Inspired by spiral soap films, mathematicians zero in on a novel, economical, and infinite helix

Dip a flat wire ring into a basin of soapy water. The ring comes out spanned by a taut, iridescent soap film in the form of a thin disk. Its area is smaller than it would be if the surface had peaks and valleys, or even small wrinkles. A clinging soap film invariably settles into the shape that mathematicians call a minimal surface. They can also imagine minimal surfaces that don’t exist in nature.
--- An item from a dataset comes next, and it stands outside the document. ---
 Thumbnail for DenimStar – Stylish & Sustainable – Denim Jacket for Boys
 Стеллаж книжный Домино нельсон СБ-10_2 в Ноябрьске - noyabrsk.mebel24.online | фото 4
A soap film stretching across a wire loop is a real-world example of a bounded minimal surface. Mathematicians study minimal surfaces that may also be infinite, such as the computer-generated, double-spiral form shown here. Called a helicoid, this shape played an important role in a recent mathematical proof. Matthias Weber
SLIPPERY SLOPE. A spiral slide, as in this photo of a soap film, makes up the central core of half of an infinite minimal surface called a helicoid. The computer-generated image (right) shows a central portion of a helicoid. The distinct red and blue surfaces demonstrate that this is a double spiral. The sheets extend laterally to infinity. J. Oprea; Weber
HOLE IN ONE. A tunnel penetrates the central portion of this infinite helicoidal surface, which mathematicians consider a helicoid with a handle. D. Hoffman and J. Hoffman, MSRI
PLENTY OF SPACES. This unusual structure, called a parking garage, represents the center of a minimal surface constructed by gluing together three helicoids. Weber
INFINITE TOWER. The central portion of this towering minimal surface features an infinite number of holes, one at each level. D. Hoffman and J. Hoffman, MSRI

Consider a perfectly flat disk of soap film, for example, that extends so far over the horizon that its boundary can’t be seen. This two-dimensional plane is the simplest example of a minimal surface that is infinite in extent and not an endless repetition of some basic shape.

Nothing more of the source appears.